LIN 3010 Spring 2002
How to Do a Morphology Problem:
Addie L. Sayers

1. Look at your data. Don’t worry about any phonological symbols that you
don’t know. Your job is to separate the words into meaningful units - to
do this you must analyze the data together to search for both form and
meaning patterns.

2. Choose two items that have some element of form in common, that is,
two items that share the same sequence of forms. Then, look at the
English glosses and look for the meaning/glossing that the words have in
common. Use the form and it’s corresponding meaning/glossing to make
a preliminary hypothesis of the morpheme.

3. Verify the meaning and form with all remaining items. If your
hypothesis works throughout your data, your hypothesis was correct. If it
does not, start with step two and reanalyze your data.

4. Follow this pattern, making sure that you account for every phoneme of
the data!

5. Write up your answer as follows:
ROOTS { } ‘gloss’ AFFIXES {(-) (-)} ‘gloss’

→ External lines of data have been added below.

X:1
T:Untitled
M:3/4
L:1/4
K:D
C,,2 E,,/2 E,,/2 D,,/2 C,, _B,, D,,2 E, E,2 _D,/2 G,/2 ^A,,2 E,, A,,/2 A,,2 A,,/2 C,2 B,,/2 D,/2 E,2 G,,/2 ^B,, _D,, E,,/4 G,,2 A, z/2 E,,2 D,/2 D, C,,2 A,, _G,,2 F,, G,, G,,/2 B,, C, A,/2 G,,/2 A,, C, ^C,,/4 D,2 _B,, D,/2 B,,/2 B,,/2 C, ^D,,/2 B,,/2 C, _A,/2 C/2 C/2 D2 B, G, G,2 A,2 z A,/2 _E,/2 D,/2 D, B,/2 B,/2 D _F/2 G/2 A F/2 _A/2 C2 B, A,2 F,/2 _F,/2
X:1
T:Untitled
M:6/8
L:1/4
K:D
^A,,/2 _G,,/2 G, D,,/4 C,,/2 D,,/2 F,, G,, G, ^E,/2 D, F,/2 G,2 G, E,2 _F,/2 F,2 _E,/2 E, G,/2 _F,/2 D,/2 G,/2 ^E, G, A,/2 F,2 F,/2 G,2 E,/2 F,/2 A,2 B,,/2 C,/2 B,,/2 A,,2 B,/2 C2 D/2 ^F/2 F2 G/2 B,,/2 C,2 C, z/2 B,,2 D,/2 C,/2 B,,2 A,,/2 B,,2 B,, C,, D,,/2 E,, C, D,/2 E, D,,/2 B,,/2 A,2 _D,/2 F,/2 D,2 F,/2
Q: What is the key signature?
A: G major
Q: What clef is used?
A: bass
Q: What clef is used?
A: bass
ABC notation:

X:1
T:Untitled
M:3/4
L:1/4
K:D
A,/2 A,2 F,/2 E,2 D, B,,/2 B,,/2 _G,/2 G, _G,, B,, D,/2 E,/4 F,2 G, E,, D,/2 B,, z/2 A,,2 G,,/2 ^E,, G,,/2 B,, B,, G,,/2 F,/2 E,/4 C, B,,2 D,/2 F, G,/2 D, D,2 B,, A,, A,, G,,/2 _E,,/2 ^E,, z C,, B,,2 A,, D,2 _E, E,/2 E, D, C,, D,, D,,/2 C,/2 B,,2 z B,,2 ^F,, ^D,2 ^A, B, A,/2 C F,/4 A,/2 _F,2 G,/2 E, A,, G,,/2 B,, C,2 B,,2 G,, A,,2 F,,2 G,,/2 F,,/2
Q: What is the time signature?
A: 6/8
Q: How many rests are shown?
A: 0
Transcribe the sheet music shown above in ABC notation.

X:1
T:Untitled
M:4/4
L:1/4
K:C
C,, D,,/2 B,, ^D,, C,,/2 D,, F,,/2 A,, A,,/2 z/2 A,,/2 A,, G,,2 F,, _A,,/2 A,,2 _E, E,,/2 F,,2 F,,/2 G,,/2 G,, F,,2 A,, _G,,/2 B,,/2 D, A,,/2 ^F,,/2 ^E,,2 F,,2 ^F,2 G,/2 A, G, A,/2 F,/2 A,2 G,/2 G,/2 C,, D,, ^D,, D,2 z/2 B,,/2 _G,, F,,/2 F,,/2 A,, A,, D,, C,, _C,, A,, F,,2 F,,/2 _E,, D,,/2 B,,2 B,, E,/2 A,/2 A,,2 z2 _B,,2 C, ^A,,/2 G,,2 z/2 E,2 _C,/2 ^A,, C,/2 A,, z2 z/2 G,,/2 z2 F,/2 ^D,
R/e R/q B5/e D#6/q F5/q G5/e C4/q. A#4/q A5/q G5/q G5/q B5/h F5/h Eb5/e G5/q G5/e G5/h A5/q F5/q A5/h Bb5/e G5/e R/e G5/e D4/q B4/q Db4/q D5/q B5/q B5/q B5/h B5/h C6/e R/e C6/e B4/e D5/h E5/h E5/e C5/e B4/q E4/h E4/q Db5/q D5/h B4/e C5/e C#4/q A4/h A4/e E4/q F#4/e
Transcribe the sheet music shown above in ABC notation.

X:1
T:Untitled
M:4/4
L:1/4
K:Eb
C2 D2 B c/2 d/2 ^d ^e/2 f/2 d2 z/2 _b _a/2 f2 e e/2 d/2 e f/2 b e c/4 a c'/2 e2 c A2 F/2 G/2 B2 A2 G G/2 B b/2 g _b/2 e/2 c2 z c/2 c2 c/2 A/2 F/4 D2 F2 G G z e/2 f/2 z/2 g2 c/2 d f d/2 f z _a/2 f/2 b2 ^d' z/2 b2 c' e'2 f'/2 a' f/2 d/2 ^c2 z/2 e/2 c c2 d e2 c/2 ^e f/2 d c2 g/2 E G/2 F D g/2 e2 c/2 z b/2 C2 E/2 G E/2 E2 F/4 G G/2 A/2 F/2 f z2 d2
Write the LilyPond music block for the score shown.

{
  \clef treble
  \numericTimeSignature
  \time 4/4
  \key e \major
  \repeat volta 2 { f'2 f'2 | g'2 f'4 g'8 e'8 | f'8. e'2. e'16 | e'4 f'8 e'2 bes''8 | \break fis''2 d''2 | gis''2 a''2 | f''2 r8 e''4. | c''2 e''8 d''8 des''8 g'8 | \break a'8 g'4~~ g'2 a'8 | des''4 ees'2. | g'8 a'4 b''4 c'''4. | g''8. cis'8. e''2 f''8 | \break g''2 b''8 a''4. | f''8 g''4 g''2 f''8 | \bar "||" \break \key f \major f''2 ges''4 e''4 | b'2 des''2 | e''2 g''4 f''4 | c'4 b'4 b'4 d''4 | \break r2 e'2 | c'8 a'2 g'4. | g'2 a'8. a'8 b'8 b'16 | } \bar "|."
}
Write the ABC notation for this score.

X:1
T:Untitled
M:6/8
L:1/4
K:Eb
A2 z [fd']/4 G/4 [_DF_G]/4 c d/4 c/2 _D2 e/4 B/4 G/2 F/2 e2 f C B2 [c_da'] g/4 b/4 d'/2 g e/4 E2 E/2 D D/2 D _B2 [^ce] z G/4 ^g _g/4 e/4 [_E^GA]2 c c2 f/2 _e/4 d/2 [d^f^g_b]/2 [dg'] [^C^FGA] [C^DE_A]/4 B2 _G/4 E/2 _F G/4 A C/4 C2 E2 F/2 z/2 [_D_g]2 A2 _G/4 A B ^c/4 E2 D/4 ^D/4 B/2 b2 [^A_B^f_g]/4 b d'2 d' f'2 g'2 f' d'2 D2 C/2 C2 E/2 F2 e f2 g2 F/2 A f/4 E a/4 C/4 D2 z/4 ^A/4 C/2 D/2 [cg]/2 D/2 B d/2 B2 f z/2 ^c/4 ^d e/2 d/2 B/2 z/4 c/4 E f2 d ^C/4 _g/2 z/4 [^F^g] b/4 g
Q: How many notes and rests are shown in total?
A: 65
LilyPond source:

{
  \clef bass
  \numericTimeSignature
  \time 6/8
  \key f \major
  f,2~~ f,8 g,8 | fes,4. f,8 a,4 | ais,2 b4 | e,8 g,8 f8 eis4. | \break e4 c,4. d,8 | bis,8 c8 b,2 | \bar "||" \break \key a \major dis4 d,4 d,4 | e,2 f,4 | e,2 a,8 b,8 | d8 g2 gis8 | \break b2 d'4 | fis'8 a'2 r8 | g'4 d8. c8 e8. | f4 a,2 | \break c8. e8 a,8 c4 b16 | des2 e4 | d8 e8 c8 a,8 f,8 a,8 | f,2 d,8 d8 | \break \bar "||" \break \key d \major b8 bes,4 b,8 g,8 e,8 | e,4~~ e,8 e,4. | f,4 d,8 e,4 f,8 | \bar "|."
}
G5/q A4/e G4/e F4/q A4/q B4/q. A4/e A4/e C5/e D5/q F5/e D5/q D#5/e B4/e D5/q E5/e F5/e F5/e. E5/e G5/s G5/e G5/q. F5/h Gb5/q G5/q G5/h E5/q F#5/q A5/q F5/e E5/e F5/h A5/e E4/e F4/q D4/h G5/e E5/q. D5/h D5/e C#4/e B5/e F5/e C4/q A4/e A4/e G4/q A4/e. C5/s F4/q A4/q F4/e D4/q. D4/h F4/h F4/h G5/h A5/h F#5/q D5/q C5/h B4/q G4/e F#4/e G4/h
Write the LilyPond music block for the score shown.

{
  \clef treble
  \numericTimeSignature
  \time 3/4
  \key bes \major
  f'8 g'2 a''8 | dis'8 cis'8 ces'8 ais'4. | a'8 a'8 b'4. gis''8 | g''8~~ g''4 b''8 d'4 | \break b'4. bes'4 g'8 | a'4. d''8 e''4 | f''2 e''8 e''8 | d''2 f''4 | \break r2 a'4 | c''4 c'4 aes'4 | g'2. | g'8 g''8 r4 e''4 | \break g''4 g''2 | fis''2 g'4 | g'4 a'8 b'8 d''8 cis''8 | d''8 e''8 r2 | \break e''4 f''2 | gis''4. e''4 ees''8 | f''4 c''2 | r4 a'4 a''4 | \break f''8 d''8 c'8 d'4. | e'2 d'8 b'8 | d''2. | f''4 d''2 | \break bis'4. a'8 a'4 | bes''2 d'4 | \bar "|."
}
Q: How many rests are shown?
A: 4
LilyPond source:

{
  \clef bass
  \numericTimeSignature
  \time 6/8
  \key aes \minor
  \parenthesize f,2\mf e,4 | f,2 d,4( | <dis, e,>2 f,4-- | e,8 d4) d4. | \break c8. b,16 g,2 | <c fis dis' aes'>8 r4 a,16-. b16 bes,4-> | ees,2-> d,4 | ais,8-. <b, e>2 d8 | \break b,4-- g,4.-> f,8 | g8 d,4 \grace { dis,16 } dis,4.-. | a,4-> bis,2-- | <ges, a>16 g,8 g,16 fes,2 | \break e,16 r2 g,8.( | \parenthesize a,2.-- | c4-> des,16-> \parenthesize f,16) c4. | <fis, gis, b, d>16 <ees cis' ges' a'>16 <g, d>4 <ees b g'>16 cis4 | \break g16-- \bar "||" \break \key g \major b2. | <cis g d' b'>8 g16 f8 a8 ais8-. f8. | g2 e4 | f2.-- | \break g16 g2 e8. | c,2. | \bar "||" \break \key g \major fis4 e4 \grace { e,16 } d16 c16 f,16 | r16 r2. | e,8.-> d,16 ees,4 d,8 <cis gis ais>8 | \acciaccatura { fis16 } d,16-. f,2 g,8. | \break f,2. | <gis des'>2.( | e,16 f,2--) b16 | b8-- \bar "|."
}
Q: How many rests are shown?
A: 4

NOTE: Remember that you as a speaker of English will be working with
the morphological patterns of English and/or your native language(s).
Morphology has a direct link to culture; that is, basic cultural elements are
distinguished in a language’s morphology. In addition, morphology is one
of the most varied and interesting fields of language difference. Sometimes,
meanings and forms may seem ‘foreign’ to you - precisely because they are.
I have specifically chosen problems to illustrate the world’s diversity. For
this reason, you may have some difficulty. Do the best that you can. Keep
in mind, that although English makes a morphological distinction between,
say, singular and plural, many languages don’t; many languages don’t
divide human beings into female and male, she and he in their person
markers, for example. Basically, expect the unexpected - if you are having
trouble with a homework problem, it is probably because there is some
morphological distinction that we don’t have in English.